I've yet read Odyssey, neither do I know the story. I've yet been to Dubin, only travelled quite a bit in and around Clare County plus mind journey to Ireland's past. My knowledge of history, literature, philosophy are limited, though I'm catching up...
However, my first read of this VOLUME is (to my suprise) rewarding. Immersed in Joyce' Joy, I didn't work hard digging out the obscure treasure and relic to inspect the details carved or eroded, mostly I swam with the flow, reading more larger sections in one sitting, without intermittent referencing that can interrupt my stream of conciousness. One cannot read if try to understand every single detail, one cannot hear if dwell on a sound harmony of one transient.

My take at current stage is limited to what I heard from my vocal interpretation, besides allegory (I must have missed much), humor (pun, rhyme, riddle) and guilty pleasure, esp. empathy felt with Bloom (his brilliance of imagination and dreamscape; his ordinary being of else...any one can relate to). I tried to like Stephen for his talent and some intangible attractivness, but too far-fetched for me to even level myself first (I'll ruminate more when read again).
Molly (as well as a lesser female character Gerty) gave me an added bonus not to question author's arrogance and showing off.
There are many other characters who confused me at the time and some still do, though they seemed to serve certain interests or purposes, I put them off as the background hum or salad base.
The book must have inspired many progenitors in the realm of high art, commercial art, even multi-media today (Bloom is an Ad guy!).

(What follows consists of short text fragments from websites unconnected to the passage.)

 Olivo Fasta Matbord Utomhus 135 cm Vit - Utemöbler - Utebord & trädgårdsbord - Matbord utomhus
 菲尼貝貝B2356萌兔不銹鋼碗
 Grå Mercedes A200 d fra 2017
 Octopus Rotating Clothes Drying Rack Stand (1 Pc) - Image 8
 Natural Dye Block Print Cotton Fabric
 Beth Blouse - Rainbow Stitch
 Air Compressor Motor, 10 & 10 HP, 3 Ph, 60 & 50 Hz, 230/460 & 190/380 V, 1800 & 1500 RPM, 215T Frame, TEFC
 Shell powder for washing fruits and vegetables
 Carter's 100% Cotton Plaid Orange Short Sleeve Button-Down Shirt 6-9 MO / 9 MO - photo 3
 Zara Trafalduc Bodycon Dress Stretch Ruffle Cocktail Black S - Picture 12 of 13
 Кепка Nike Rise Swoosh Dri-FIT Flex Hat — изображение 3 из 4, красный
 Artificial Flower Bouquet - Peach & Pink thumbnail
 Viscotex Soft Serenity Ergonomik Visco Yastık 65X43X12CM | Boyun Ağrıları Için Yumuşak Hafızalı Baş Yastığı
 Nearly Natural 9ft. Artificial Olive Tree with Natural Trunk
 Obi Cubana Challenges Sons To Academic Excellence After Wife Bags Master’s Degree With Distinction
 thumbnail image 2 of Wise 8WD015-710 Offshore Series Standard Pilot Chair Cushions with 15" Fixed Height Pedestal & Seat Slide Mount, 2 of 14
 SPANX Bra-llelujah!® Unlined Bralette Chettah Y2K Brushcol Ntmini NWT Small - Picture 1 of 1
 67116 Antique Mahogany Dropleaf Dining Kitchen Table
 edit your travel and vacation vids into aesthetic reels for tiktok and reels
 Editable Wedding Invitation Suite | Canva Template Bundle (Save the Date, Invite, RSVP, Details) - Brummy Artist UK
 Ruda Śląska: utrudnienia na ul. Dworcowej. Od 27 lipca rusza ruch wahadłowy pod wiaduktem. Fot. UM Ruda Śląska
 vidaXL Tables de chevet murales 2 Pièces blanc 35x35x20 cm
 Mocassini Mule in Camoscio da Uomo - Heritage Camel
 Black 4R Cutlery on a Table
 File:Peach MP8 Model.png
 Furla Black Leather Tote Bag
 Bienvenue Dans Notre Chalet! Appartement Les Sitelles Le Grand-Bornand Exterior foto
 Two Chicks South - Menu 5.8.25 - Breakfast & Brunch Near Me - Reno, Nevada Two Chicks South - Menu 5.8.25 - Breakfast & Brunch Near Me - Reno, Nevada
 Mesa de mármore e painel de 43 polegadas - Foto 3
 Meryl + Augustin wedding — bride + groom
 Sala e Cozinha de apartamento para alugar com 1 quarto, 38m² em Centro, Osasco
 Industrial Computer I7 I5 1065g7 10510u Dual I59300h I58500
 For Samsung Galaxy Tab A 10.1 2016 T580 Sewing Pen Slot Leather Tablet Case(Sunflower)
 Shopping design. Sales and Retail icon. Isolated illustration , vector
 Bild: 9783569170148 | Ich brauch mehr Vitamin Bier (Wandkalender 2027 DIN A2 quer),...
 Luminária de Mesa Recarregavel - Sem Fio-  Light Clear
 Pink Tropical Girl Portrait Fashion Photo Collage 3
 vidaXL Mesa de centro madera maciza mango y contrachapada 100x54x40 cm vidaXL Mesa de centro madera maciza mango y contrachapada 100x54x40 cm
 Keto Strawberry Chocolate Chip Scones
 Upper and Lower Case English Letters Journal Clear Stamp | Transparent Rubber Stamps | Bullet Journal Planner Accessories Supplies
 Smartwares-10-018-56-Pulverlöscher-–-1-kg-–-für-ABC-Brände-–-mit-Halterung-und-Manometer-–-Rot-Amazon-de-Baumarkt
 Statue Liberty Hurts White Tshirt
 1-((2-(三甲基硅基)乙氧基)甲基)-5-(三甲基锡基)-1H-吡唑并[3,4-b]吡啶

Each chapter varies in style and form, and may be preferred by different reader. To me (pertinent to science-trained or not), a special mention is "Ithaca", not due to its being easier or more difficult to chew, it was my reading experience transformed my attitude towards it from curious, slightly annoyed, addictively detested, to absolutely captivated.

Dec 06, 2016

It might help to read "Re-Joyce" by Anthony Burgess.

Sep 08, 2016

This is a book laden with heavy allegory, a myriad of complex references, dense poetry, eccentric structure, and that is all it is. This book feels like one man writing everything he’s ever wanted to write in one book, and that makes it unequivocally unique and fascinating; however, just because there is nothing like this, doesn’t mean this book isn’t just mental masturbation for pseudo-intellectuals. There is a beauty in the stream-of-consciousness writing present throughout the book, and there really is nothing like it, but as a whole, it just isn’t readable for anyone who isn’t a masochist, or heavily invested in literature. - @FalcoLombardi of the Teen Review Board at the Hamilton Public Library

Oct 07, 2015

On my third try to read Ulysses, I attempted to just open my mind to the "stream of consciousness" writing, but after trying this for a couple of hundred pages, I gave up again.

Jun 22, 2015

Quite difficult, not worth the time to read it because it's so boring. One star is generous.

Jun 19, 2013

This novel is #12 on my researched Top Classic Novels. I won't attempt to add to the excellent summaries already provided. This complex, difficult novel was written in 1922 between two other Top 100 novels, "Portrait of the Artist as a Young Man" and Finnegans Wake". See my GerryD Lists for more great novels.

Dec 05, 2010

Can't honestly give this book a rating as I had to throw in the towel after 20 pages...I really gave it a good try but found it unreadable.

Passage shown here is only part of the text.